A metacharacter is one or more characters that possess special meaning within a regex pattern, and can be used to build up the instructions which are used when applying a regex to a string.

Within a regex, everything is either a metacharacter or a literal character - the latter simply being a character that does not possess special meaning, but that matches the same character it represents.

The meaning of some metacharacters varies depending on if any regex modes are enabled - for example, the caret "^" metacharacter always matches the start of a string, but if Multiline mode is enabled, it also matches the start of a line.

In addition to different modes, it is important to be aware that there are two sets of metacharacters: those that only apply when in a normal expression, and a different (smaller) set which only apply when inside a character class. (For example, inside a character class the caret means "not", if it is the first character.)

Perhaps the most important metacharacter is the backslash "\" which has the ability to escape or create metacharacters by preceeding another character.
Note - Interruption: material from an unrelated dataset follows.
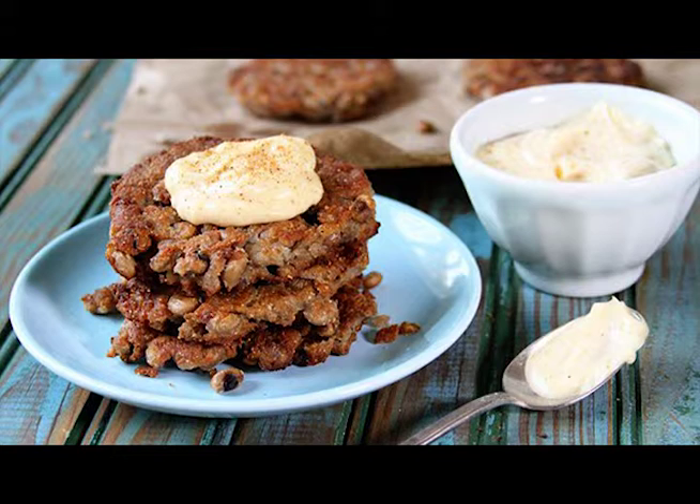Cook them by pouring a thin layer of vegetable oil in a heavy-bottomed skillet — I like to use cast iron. Heat it over medium heat. Once the oil is hot, add about 3 tablespoons of the batter. Use the back of a spatula to flatten the batter into a cake shape.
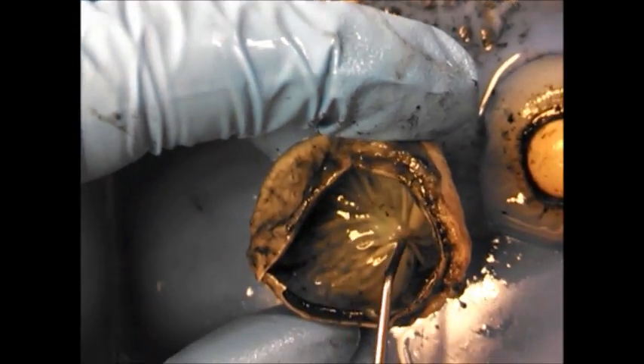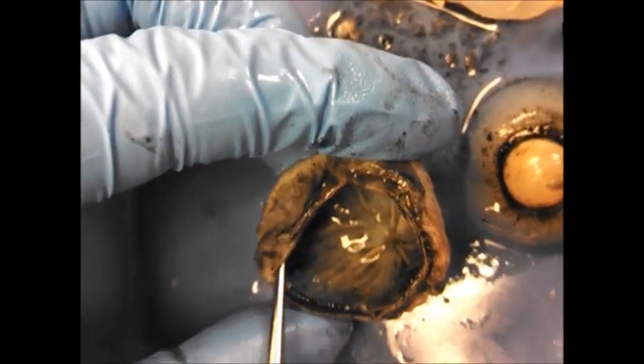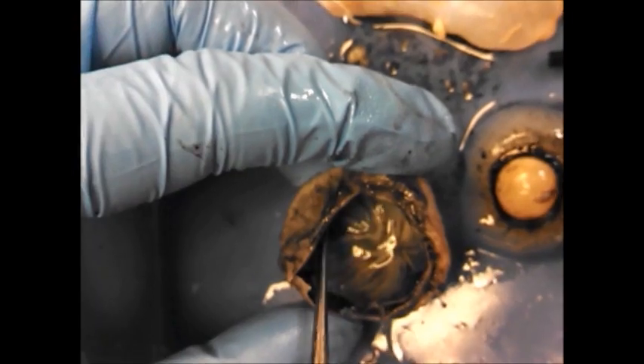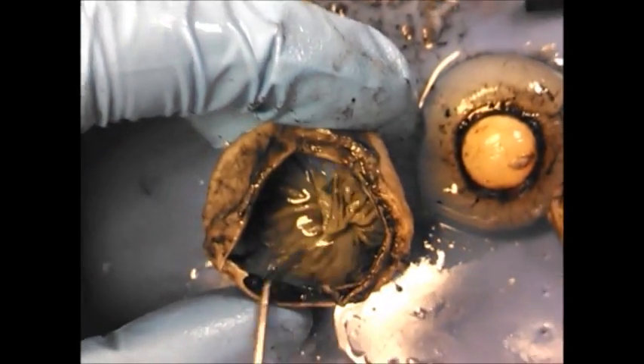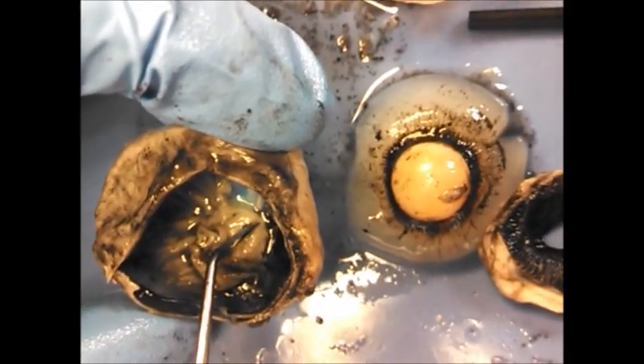The optic disc is where all the tissue pulls to here — where all the little fibers from the retina run out to go through the optic nerve on the back. Sometimes you'll see the retina pulled back like this, but it will still be connected here to the optic disc.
That is, by using "\^", you are escaping the metacharacter and indicating the literal caret character should be matched at this point, whilst doing "\b" will instead create a metacharacter, which in this case tells the regex engine to match a word boundary at that point.

Different regex implementations can have different metacharacters - and some use the same metacharacters but may have subtly different meanings - so it is important to ensure you know what metacharacters to use for the particular regex engine which you are using.

The specific meanings of metacharacters is defined in the pages describing their features, or you can refer to the metacharacter reference chart for an overview.